The anticipated hike signals that the group is not entirely indifferent to the pressures facing consuming nations, but the gesture may prove largely symbolic: for several member states, actual delivery remains severely constrained by the ongoing disruption caused by the Iran war, meaning any paper agreement on output levels may bear little resemblance to what physically reaches the market.
What emerges from this week’s trading is a market caught between hope and hard reality.
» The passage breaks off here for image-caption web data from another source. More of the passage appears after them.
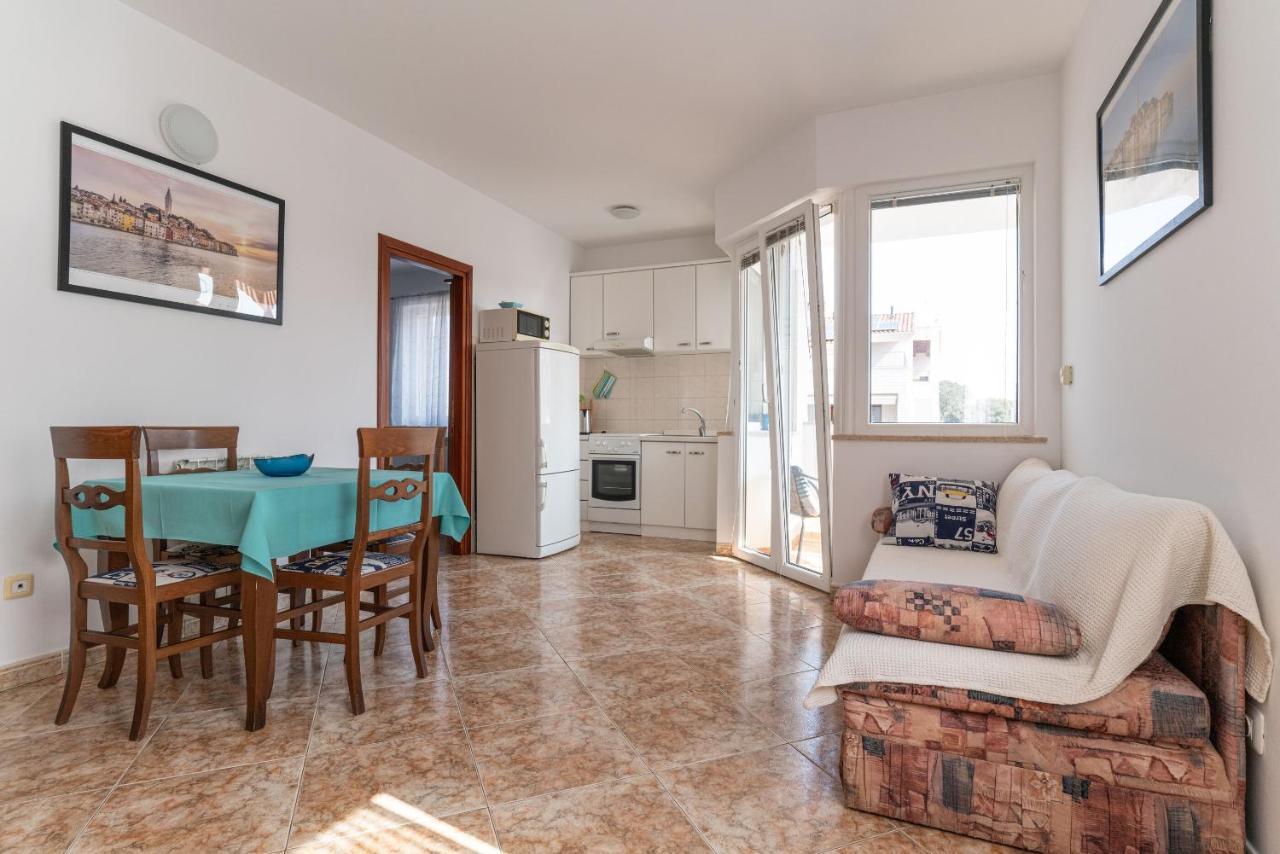 Apartments Anamarija Ровинь Экстерьер фото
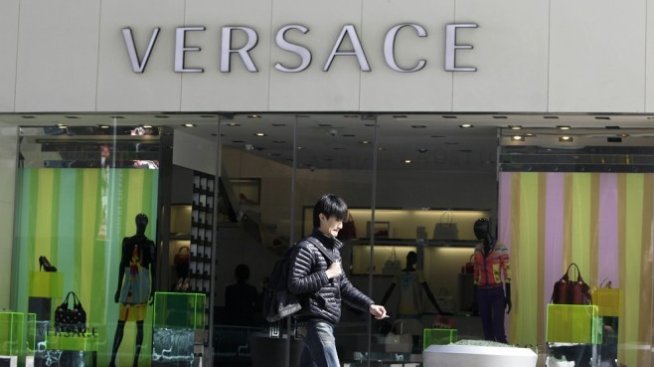 Givenchy, Coach и Versace се замесиха в скандал в Китай заради надписи на тениски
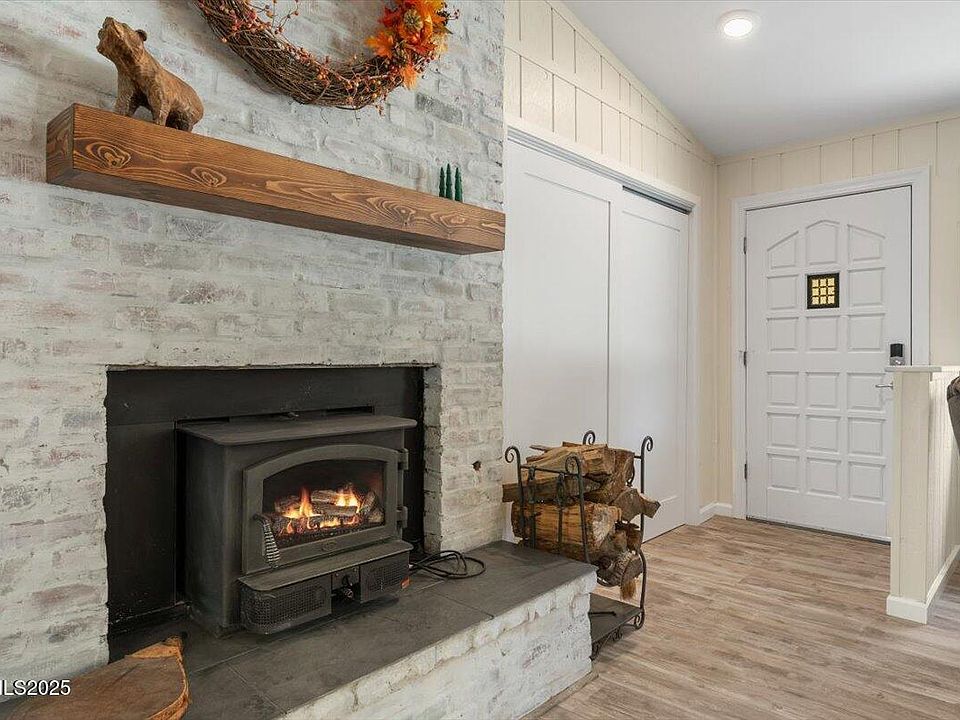べんじゃみん! 226 S Benjamin Dr, Stateline, NV 89449 | Zillow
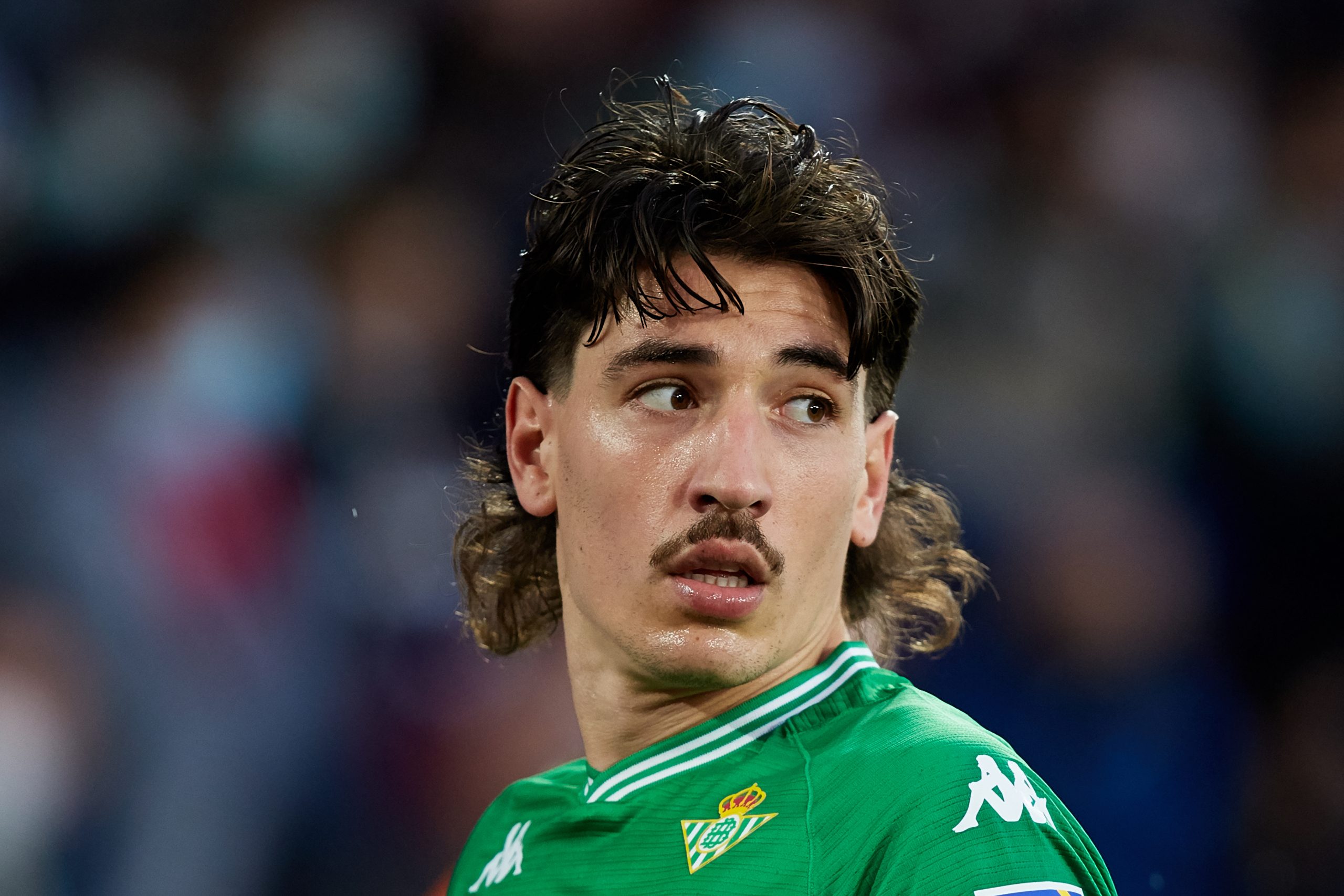 النجم الإسباني واللاعب في صفوف ريال بيتيس "هيكتور بيليرين"/ رويترز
Diplomatic signals flicker, but the deep structural damage to Middle Eastern energy infrastructure, combined with the unresolved political questions over Iran’s nuclear program and the Strait of Hormuz, means that meaningful relief for oil consumers remains, at best, a story for 2027.
WHAT YOU SHOULD KNOW
Despite a modest Friday rally, oil markets endured a painful week as hopes for a swift U.S.-Iran peace deal faded.
Until the Strait of Hormuz fully reopens and damaged Middle Eastern energy infrastructure is repaired, neither of which is expected before early 2027, global oil supply will remain critically short by 14 million barrels per day.
Diplomatic talks are inching forward, but unresolved disputes over Iran’s uranium stockpile and control of the Strait mean prices will stay elevated and volatile well into next year.
For consumers and economies worldwide, expensive energy and the inflation that comes with it is not a temporary shock. It is the new reality for the foreseeable future.